There is not happiness in Ibn Salam's house. Leyli is ill by depression. She confesses to husband that she loves geys and can't love anybody anymore. Let Ibn Salam waits, maybe her feelings to Majnun will pass. Pained Ibn Salam goes away. And suddenly Majnun again appears in front of Leyli as a bodiless shadow. He bitterly complaints to Leyli, that she has betrayed him, destroyed his life, brought sorrow and pain. Forgetting about her illness, Leyli throws herself into her lover's arms, but he doesn't recognize her, he looks for and calls his former, pure lover.

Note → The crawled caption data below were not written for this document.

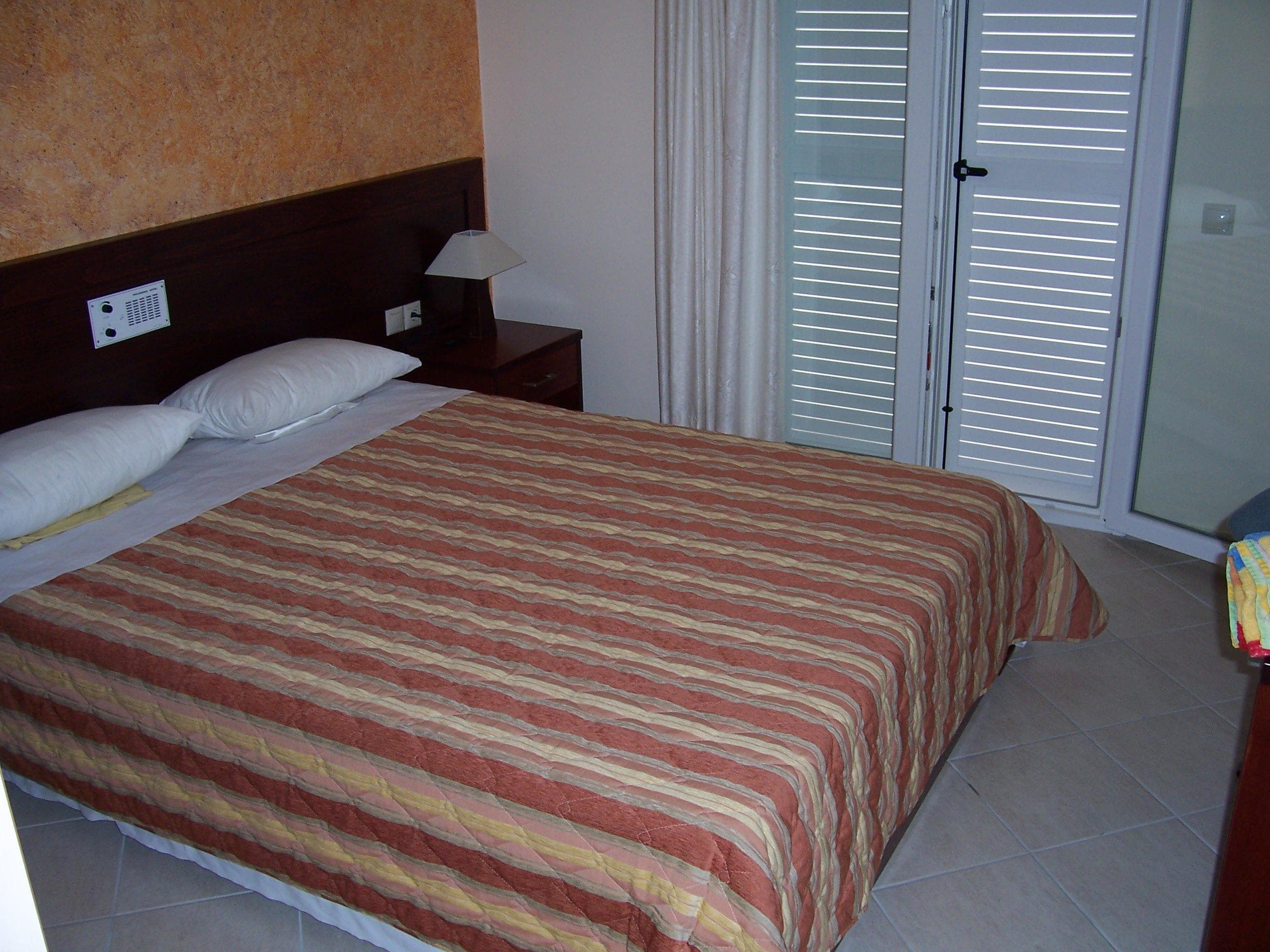 Hotel Philoxenia Ansicht 6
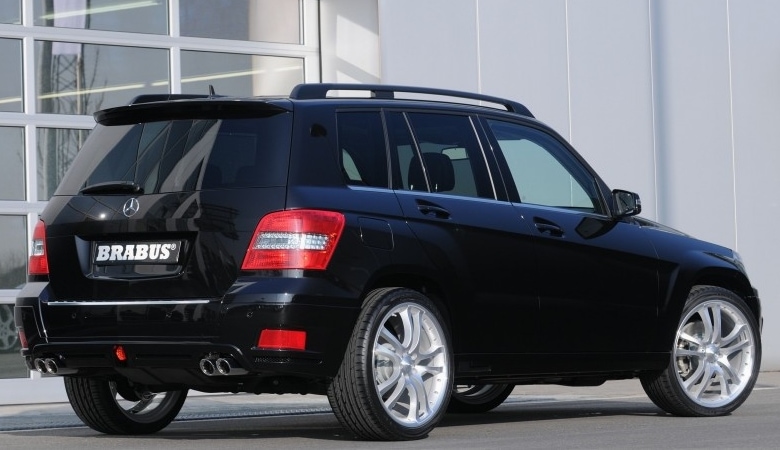 ブラバス　レコルド　クロアクロア Brabus Monoblock Z Platinum Edition Wheel 22x10.5 50mm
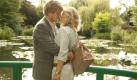 Drehbuchschreiber Gil (Owen Wilson) verbringt mit seiner Verlobten Inez (Rachel McAdams) den Urlaub in Paris. Für ihn ist es die Traumstadt schlechthin. Gil wünscht, er hätte in den 1920er-Jahren in Paris gelebt, um mit seinen Idolen Ernest Hemingway und F. Scott Fitzgerald zu fachsimpeln. Inez' Eltern halten Gil deshalb für einen Taugenichts und nicht für den geeigneten zukünftigen Ehemann ihrer Tochter. Foto: Concorde Filmverleih GmbH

Leyli's heart can't bear it:

I’m happy as long as my beloved one torments me,

If only people wouldn’t call me unfaithful.

I’ve become an idler in this world of separation from you,

Only the hope of joining with you keeps me alive.

Don’t leave me powerless in this bed of sadness,

Hey moon, heal me with the wine of joining.
— Translation from Azerbaijani: Gulnar Aydamirova

She dies in arms of Ibn Salam.

Scene 2

Mejnun comes to Leyli's grave. Now, Leyli has decided to belong him, now they will be together forever. Desperated, Majnun falls on the lover's grave and dies.